- [Exercise brief]:
Extract the full listing verbatim and drop any pictures from your copy.

- [Given data]:
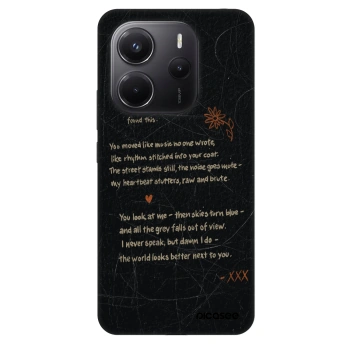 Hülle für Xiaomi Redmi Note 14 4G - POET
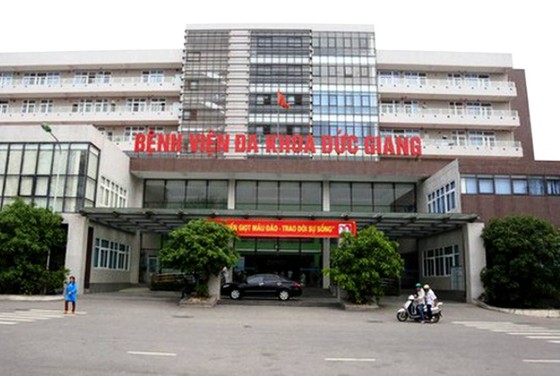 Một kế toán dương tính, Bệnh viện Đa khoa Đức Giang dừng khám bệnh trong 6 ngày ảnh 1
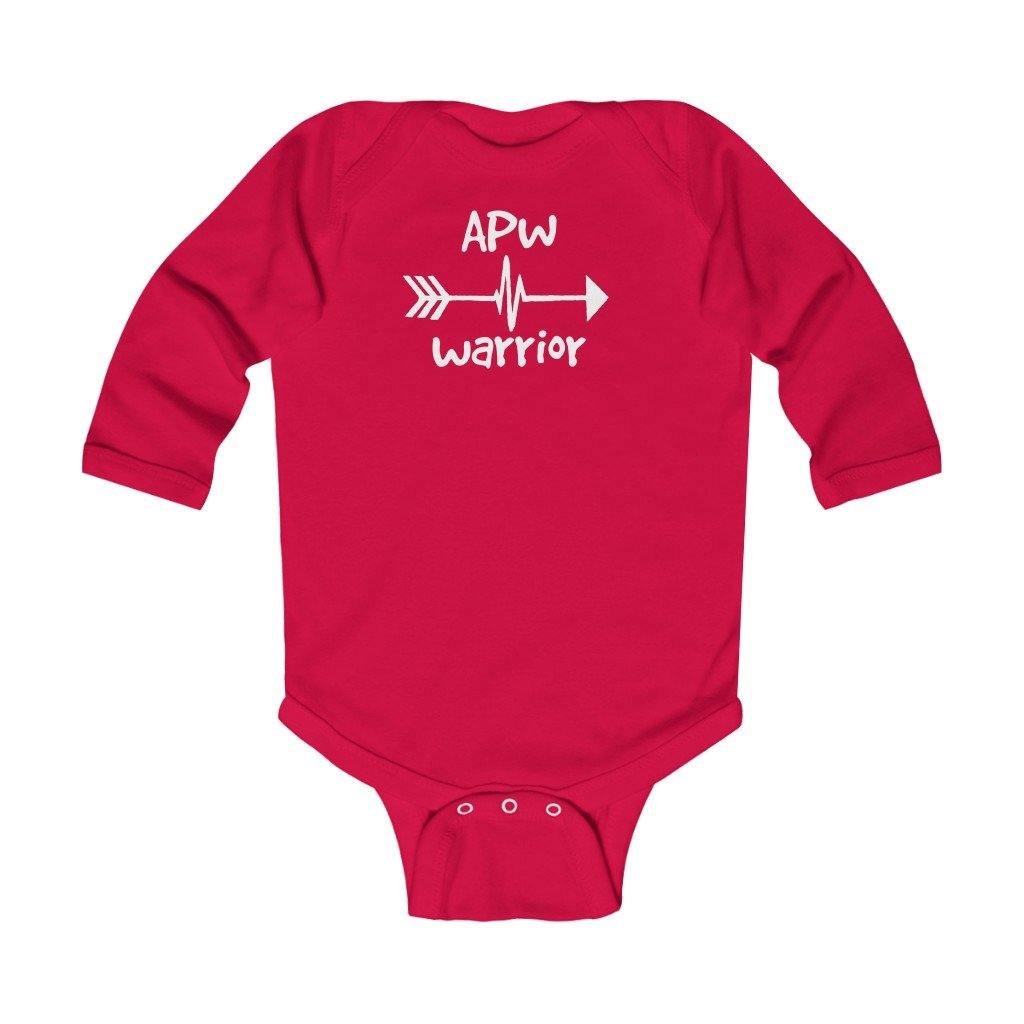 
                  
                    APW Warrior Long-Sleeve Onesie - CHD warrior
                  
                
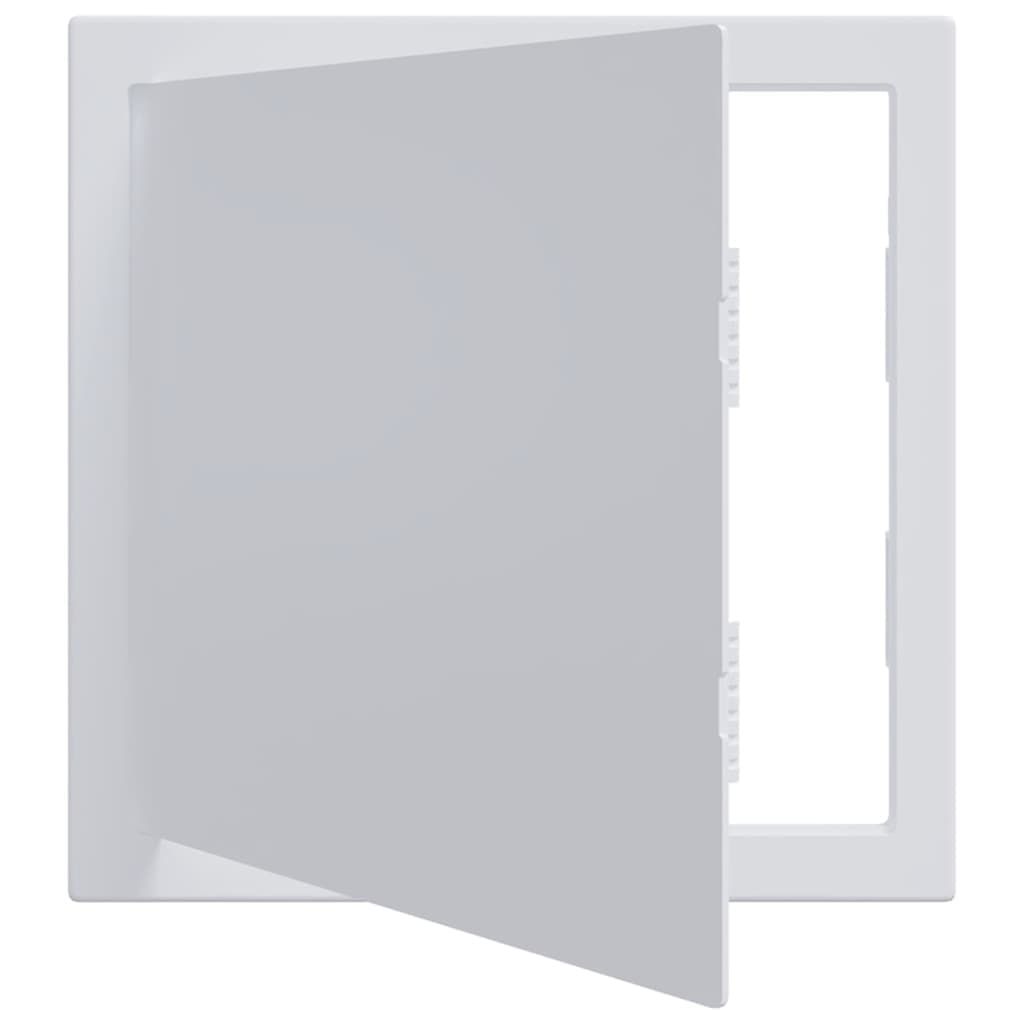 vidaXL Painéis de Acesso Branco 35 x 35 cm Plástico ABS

- [Output]:
 Hülle für Xiaomi Redmi Note 14 4G - POET
 Một kế toán dương tính, Bệnh viện Đa khoa Đức Giang dừng khám bệnh trong 6 ngày ảnh 1
                  
                    APW Warrior Long-Sleeve Onesie - CHD warrior
                  
                
 vidaXL Painéis de Acesso Branco 35 x 35 cm Plástico ABS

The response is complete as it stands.